Va a ser difícil no llorar por los ausentes, especialmente por el último en irse, Felipe. Ayer vi su lápida. Bajo su nombre, maestro y titiritero, y el lema Salud y República.
También era poeta, y mejor que yo. Disculpen si mañana no escribo.
De entre todas las presencias de la casa, la más poderosa siempre fue la de Gilberto Pedrosa.
Tenía unas manos privilegiadas para tocar cualquier instrumento musical o herramienta. Reparaba relojes y todo tipo de objetos, un hacker avant-la-lettre.
Enfadó al tío rico de su primera mujer, Lucio Tomé Feteira, y tuvo que salir huyendo, primero a Brasil y después a Alemania. Vivió en Barcelona la revuelta de Companys, y acabó instalado en mi pueblo.

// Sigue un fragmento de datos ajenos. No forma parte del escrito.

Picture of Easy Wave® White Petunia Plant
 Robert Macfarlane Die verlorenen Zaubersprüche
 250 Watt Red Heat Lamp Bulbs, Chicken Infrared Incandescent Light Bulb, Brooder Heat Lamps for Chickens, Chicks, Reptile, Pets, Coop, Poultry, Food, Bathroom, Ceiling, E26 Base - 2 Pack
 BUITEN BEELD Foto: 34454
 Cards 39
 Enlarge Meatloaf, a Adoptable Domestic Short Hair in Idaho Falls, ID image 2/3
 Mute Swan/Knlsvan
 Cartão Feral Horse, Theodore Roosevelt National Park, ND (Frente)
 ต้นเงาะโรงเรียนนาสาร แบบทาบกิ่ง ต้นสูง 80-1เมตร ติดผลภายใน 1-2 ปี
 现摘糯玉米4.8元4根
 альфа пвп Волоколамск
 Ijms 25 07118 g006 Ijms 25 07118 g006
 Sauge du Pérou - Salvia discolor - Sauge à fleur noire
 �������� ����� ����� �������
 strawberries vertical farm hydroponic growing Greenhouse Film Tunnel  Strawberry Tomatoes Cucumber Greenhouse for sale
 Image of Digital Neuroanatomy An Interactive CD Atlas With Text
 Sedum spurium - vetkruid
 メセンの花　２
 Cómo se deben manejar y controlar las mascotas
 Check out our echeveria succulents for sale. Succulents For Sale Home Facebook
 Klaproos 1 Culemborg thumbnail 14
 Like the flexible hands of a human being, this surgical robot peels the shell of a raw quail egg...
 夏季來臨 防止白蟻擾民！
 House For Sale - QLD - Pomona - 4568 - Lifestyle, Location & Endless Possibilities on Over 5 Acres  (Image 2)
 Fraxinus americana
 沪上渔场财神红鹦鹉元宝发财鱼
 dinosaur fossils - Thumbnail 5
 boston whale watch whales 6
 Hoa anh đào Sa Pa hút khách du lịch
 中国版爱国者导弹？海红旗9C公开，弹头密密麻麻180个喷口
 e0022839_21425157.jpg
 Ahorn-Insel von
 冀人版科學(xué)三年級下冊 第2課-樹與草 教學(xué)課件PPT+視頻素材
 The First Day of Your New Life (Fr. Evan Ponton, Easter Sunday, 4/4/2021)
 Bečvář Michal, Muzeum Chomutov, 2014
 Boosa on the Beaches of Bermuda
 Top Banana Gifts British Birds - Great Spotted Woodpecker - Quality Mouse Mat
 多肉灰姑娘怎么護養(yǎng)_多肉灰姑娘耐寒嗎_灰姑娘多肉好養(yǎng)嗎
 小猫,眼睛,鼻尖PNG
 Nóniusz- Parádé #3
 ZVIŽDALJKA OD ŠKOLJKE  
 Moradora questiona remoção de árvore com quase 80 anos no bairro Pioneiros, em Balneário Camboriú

Mi tatarabuela Teresa Colorado, citada en una partida de nacimiento de 1917, durante la Revolución Soviética. Otra matriarca que vio a Alfonso XII inaugurar la estación hoy abandonada.
Mis fantasmas viven en los papeles, en las fotografías y en los recuerdos de un viejo zaguán que fue horno de pan cocer, barbería, cuarto de estar, habitación de invitados, escenario de mis guateques con música punk y rumba quinqui, y hoy es leñera.